Respondents to our survey had no trouble taking off the gloves when asked to voice their opinions on sustainable interior products and green building. “I first thought the effort to build green was a terrific idea, but it has become a mockery,” said one. “Green certified products do not have anywhere near the level of quality and durability of their ‘normal’ counterparts.” Said another, “Many products have not been in the market to be time-tested.”
“Many claims are not sustainable,” said a respondent. “They do not take into account life cycle assessment or embodied energy.” Said another, “The understanding is that green products have a higher upfront cost but will pay off in the long run. However, the product data does not always properly illustrate this principle.” Another stated, “Clients are still concerned about spending more money on green products.” As for “green hype,” a respondent noted, “That’s the basic difficulty—separating truth from fiction.”

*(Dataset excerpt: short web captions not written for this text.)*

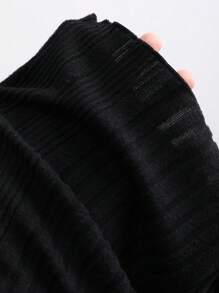 Sweetra Women Low-Cut Solid Color Cropped Knit Top, Soft Rib Knit Undershirt, Retro Style 2 Pieces Set, Suitable For Spring & Autumn - Multicolor - View 5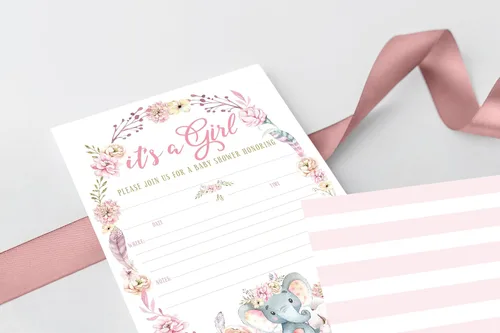 Vista 3 de Your Main Event Prints Invitaciones de baby shower de elefante para niña, tema floral rosa, invitaciones de espolvorear con texto en inglés "It's a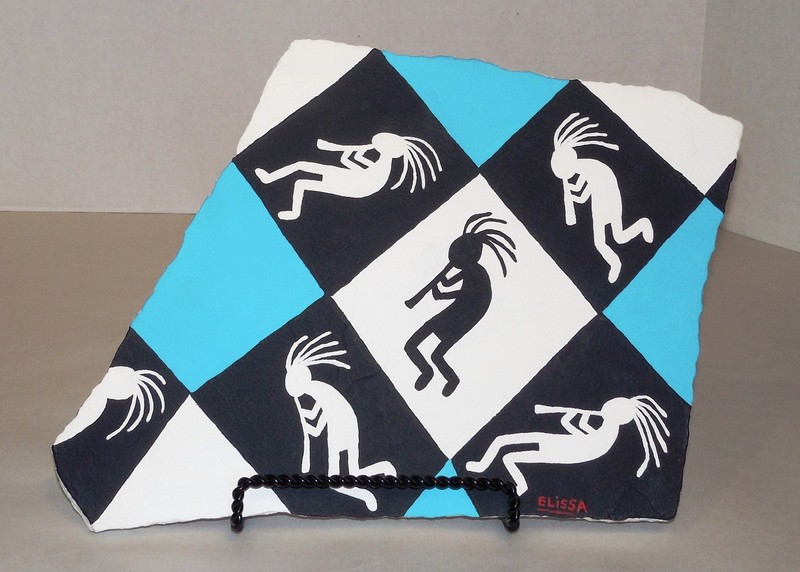 Contemporary Southwest Pop/Folk Art Kokopelli Painting on Flagstone by Artist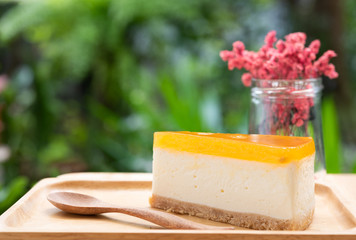 Passion fruit cheesecake serve on wood tay and wooden table with dried flower vase green nature background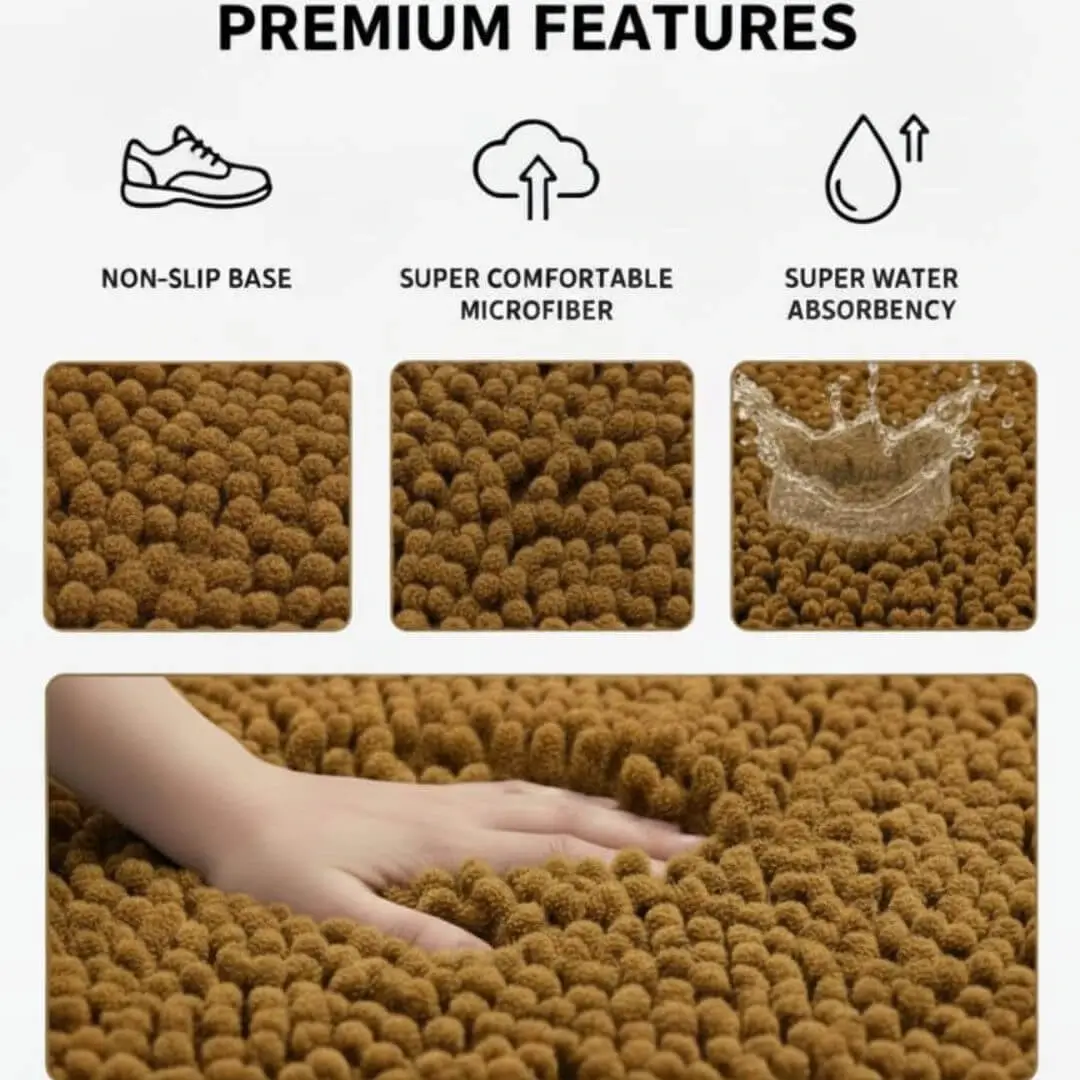 Microfiber Floor Mat (Set of 2) by Saffron Leo (16x24 in) – Quick Dry Anti‑Skid Door Mat | Bathroom Rug — Desert Sand — 16 × 24 in (40 × 60 cm) 5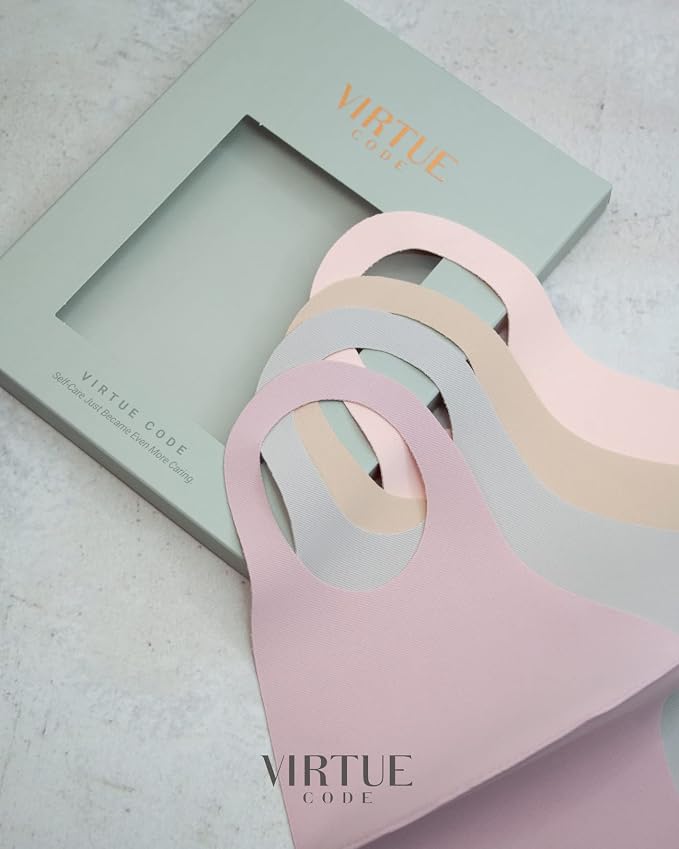 Virtue Code Second Skin Cloth Face Mask Pack. 4 Buttery Soft Masks Washable - Image 7
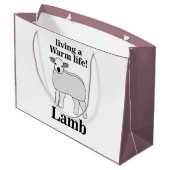 Lamb Living Een Warm Leven Grappig Lam Groot Cadeauzakje (Achterkant Gekanteld)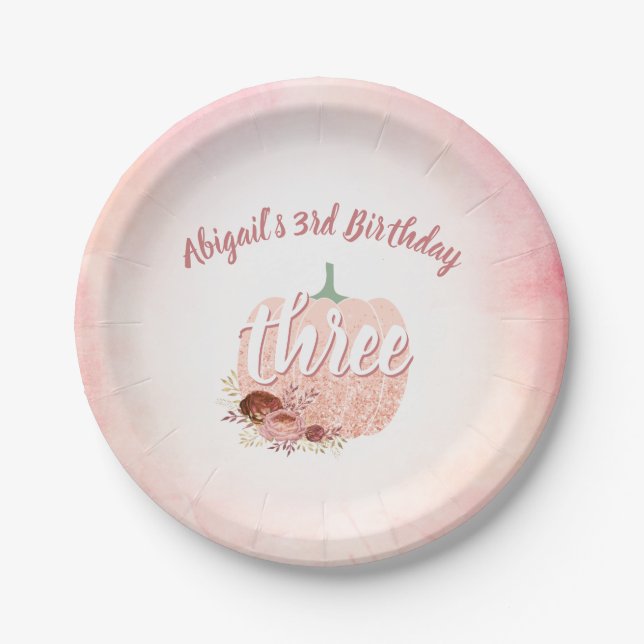 Girls 3rd Birthday Rose Gold Glitter Pumpkin Paper Plate (Front)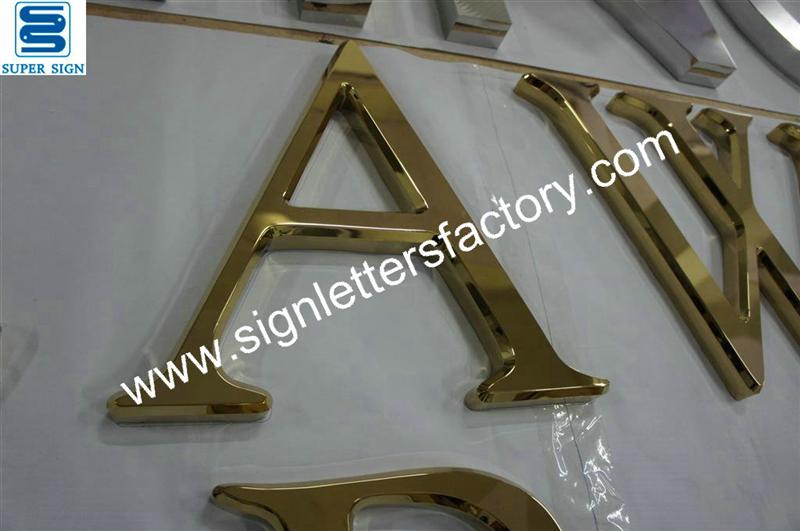 3D golden polished mirror stainless steel sign letters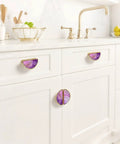 2 Pack Purple Pink Gold Fluid Art Cabinet Pulls With 3 Inch Center Hole Gold Semicircle Drawer Handles on white kitchen cabinetry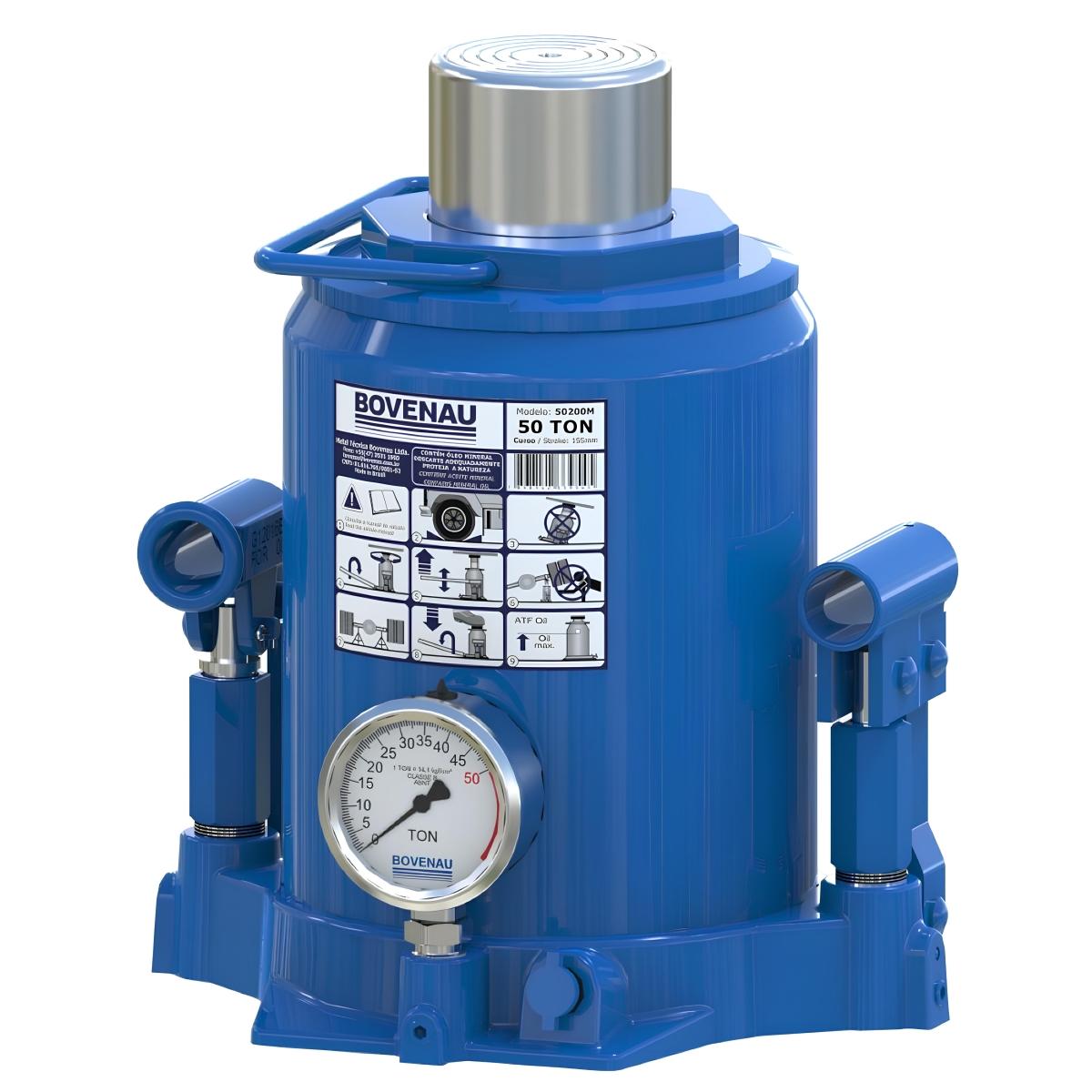 Macaco Garrafa 50 T Hidráulico Com Manômetro MT50 Bovenau - 1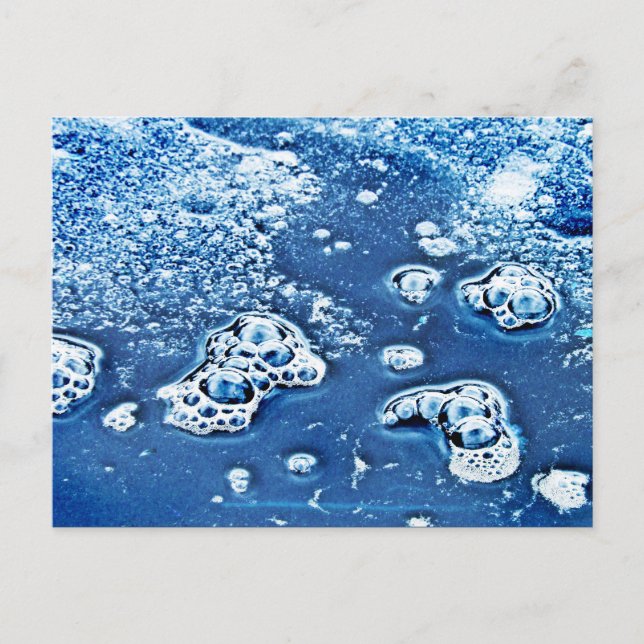 Blue Abstract Bubbles Water and Ice Postcard (Front)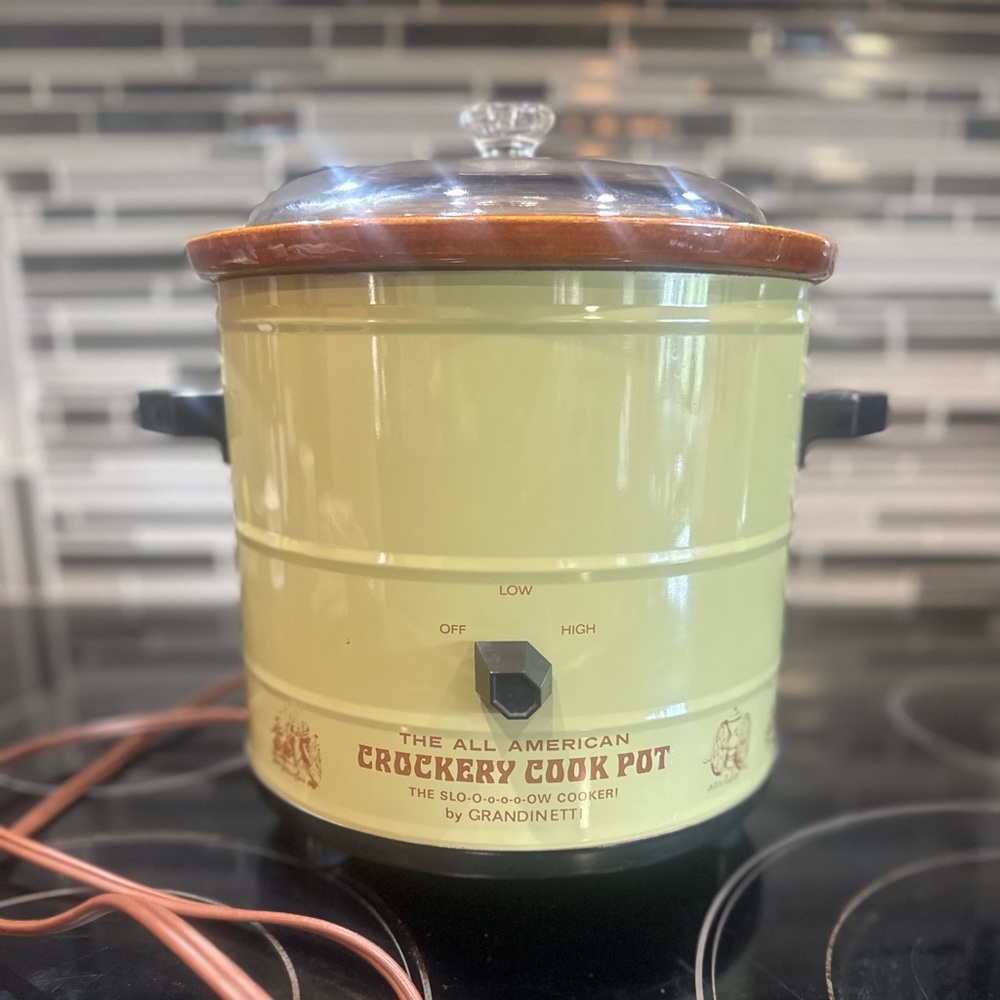 Vtg Green Grandinetti 3.5 All American Crockery Cook Pot SLO-O-o-o-o-OW Cooker!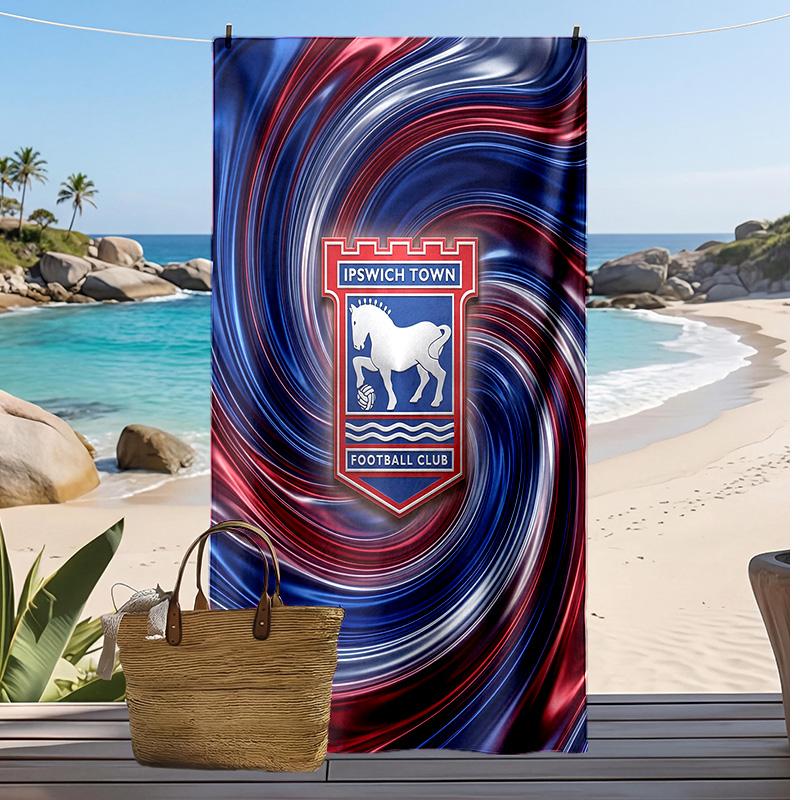 Ipswich Town Football Print Beach Towel, Large Soft Quick Dry Towel for Beach Camping Swimming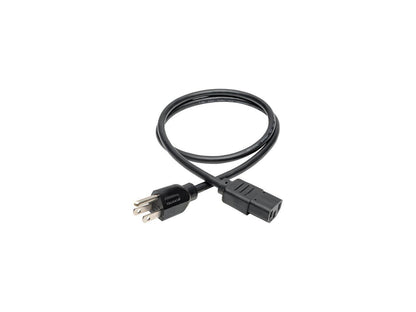 Tripp Lite Universal Computer Power Cord, 10A, 18AWG (NEMA 5-15P to IEC-320-C13), 3-ft. (P006-003)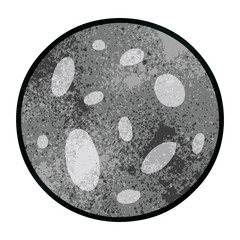 textured cartoon doodle of a full moon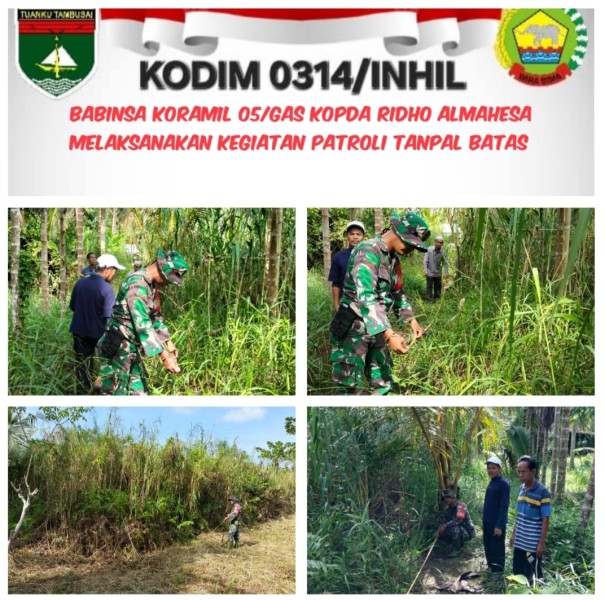 Patroli Rutin Babinsa Koramil 05/Gas dan Bhabinkamtibmas: Mencegah Karhutla di Desa Binaan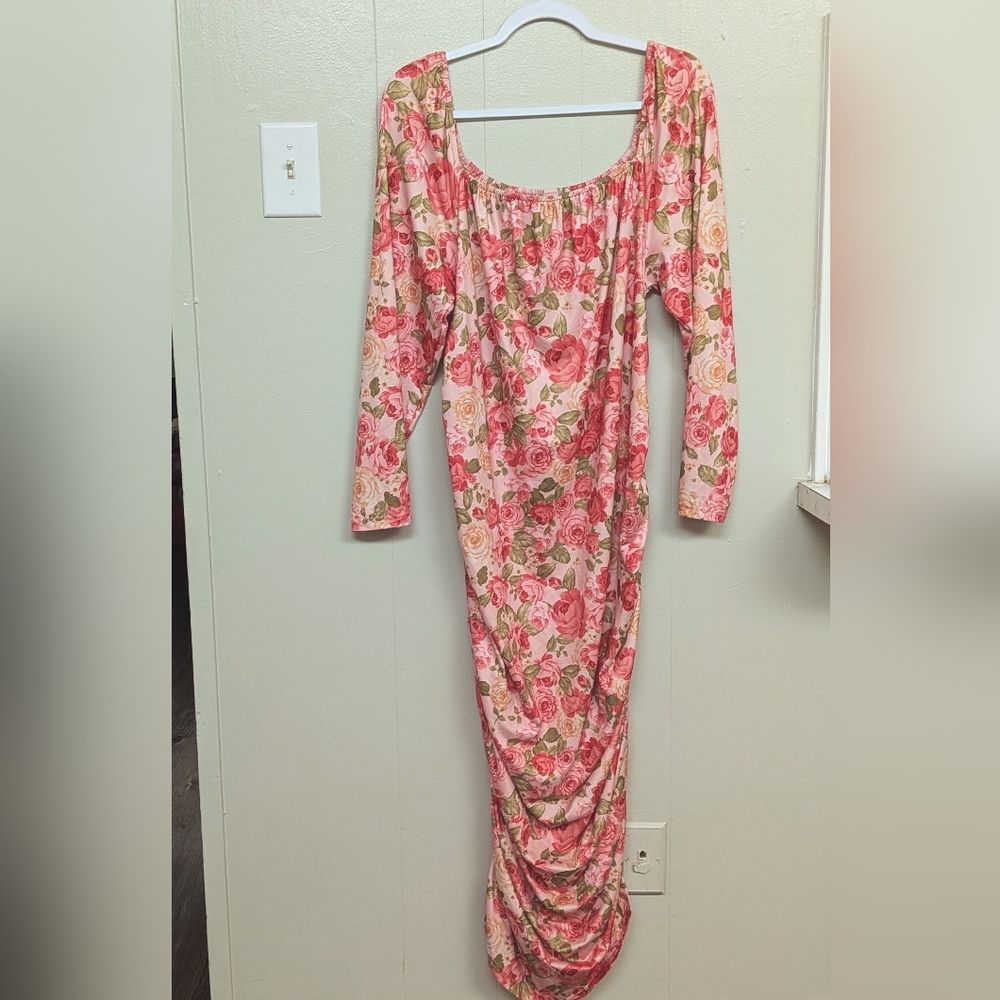 Plus Floral Bodycon Maxi Dress with Ruching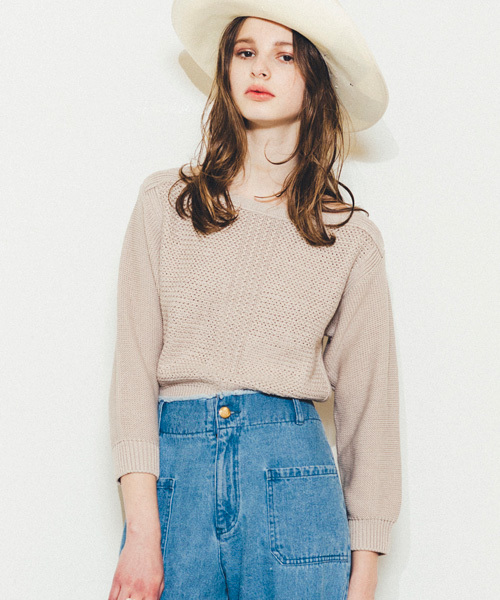 Omekashi(オメカシ)の「柄編み切替プルオーバー(ニット/セーター・レディース・アイボリー/ネイビー/ベージュ・フリ-)」の3枚目の写真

A contractor stated, “Our primary use of ‘green’ is to meet the owner requirements for LEED certification. Green still equals added cost, so competitive requirements mandate that we minimize use [of green products] to remain competitive.” Another respondent said, “There’s a lot of greenwashing for things that don’t ever see a suitable return. Higher prices are not a good thing in this economy.”
Others saw the positive in green interior products. “With what I have experienced thus far, the indoor air quality that evolves from the use of low-VOC and green products produces a more healthy workplace,” said one respondent. Said another, “As more owners, occupants, and the public become knowledgeable about the subject, the demand will increase for truly green products.” Yet another said, “Manufacturers are getting better at documenting their products. Many more products to choose from.”
Still, some said they felt overwhelmed. “Multiple industry standards for green products confuse the issue,” said one. “Too much emphasis on marketing green. What ever happened to good products at a good price?” said another.
“[I] wish there were more people in the industry who were truly interested in sustainable design rather than getting LEED points,” said one wishful thinker. “I have had LEED consultants actually take out sustainable design requirements from a project because they wouldn’t get LEED credit!” Said another, “We just need to get back to basic quality design and construction.” Yet another said, “Performance is more important than ‘green’ qualities.”
One respondent summarized many of these concerns: “I’m all for going green, but not at the expense of quality and durability, and I want to know the claims, considering all the impacts of manufacturing, transporting, etc. If it takes twice as much paint, then the manufacturing costs and transportation costs are doubled, as well as the VOCs. Is that factored into the calculations when trying to see how green a product really is?”